Empty Links and Screen Readers

By YUI TeamJanuary 24, 2008

About the Author: Mike Davies is a web developer for Yahoo! Europe focusing on web accessibility. He was the Technical Lead Developer of a website redesign which became a PAS 78 case study into the business benefits of accessible websites. Mike writes about web accessibility, Atom and web standards on his personal blog at isolani.co.uk. (Photograph courtesy of Neil Crosby)

With the help of other members of the Yahoo! Accessibility Stakeholders group, I ran a screen reader test to establish whether links that contain no link text were an accessibility barrier. We tested a number of approaches to hiding links across a typical range of screen reader and browsers.

The conclusion is that the most accessible link is one that contains link text. Different techniques of hiding links, from no link text, through to hiding by CSS can cause an accessibility barrier to screen reader users. Each screen reader presented its user with a different set of problems and barriers.

What follows is a detail description of the test, tabulated results, summary of techniques that passed, failed or came close, and a list of web development recommendations.
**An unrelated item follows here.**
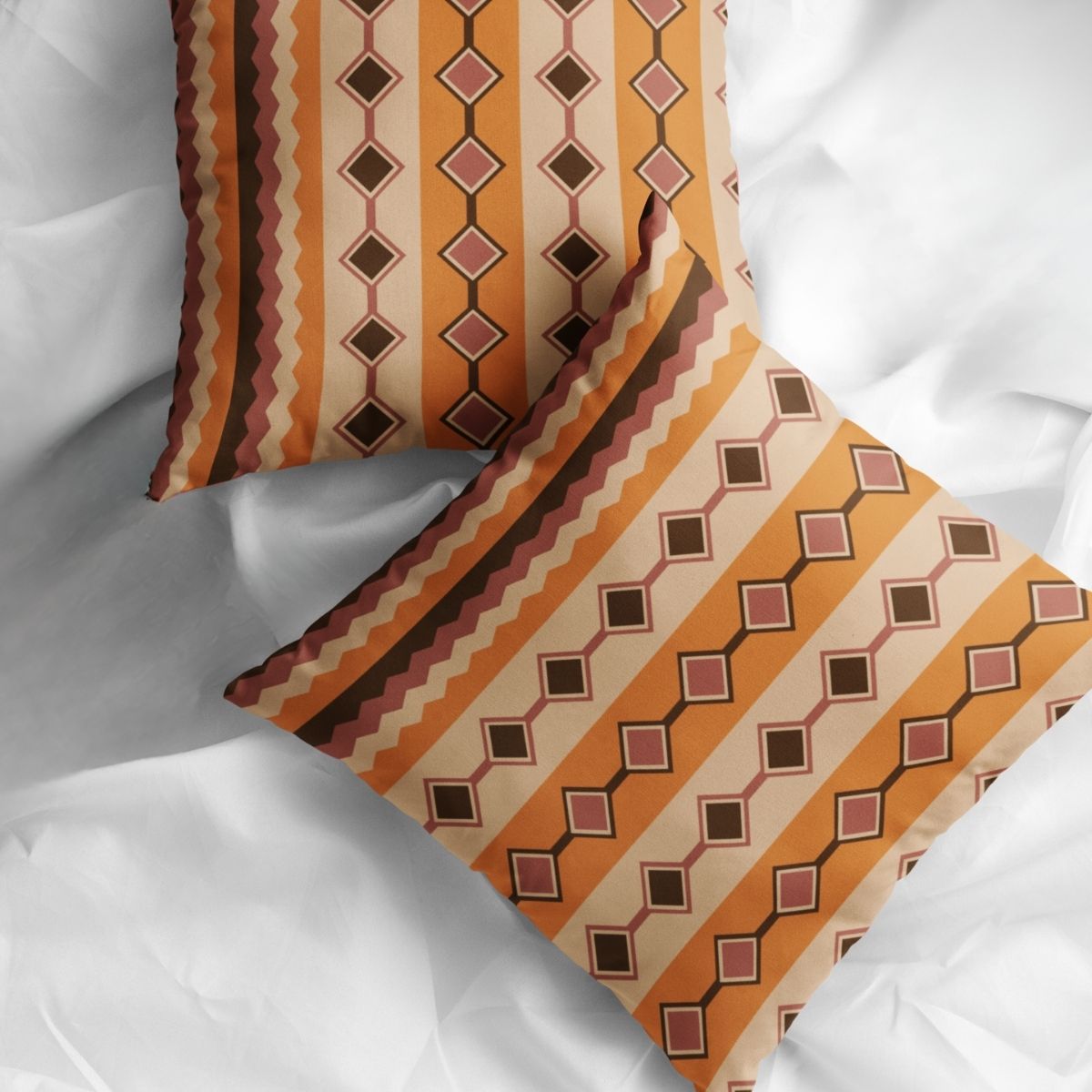 Two Gwin modern boho pillows shown side-by-side on a white bed.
The Microformats include pattern

The Microformats group have created an include pattern which is a mechanism for including a portion of data from one area of a page into another area on the same page. Essentially, it's a means of preventing the duplication of data.

A good example of this is a page that lists all the reviews done by one person. Instead of every review having to duplicate the reviewer details, we can use the include pattern to define the reviewer once, and include it into each review. No needless duplication.

The main technique being advocated as an include is the humble link, but in an effort to minimise duplication of content, the example is an empty link; a link with no link text:


<a class="include" href="#author" title="James Levine"></a>

The current accessibility understanding is that empty links can present a barrier to screen reader users. The Microformats group have attempted to solve this problem by using the title attribute to offer something a screen reader can use to announce a link.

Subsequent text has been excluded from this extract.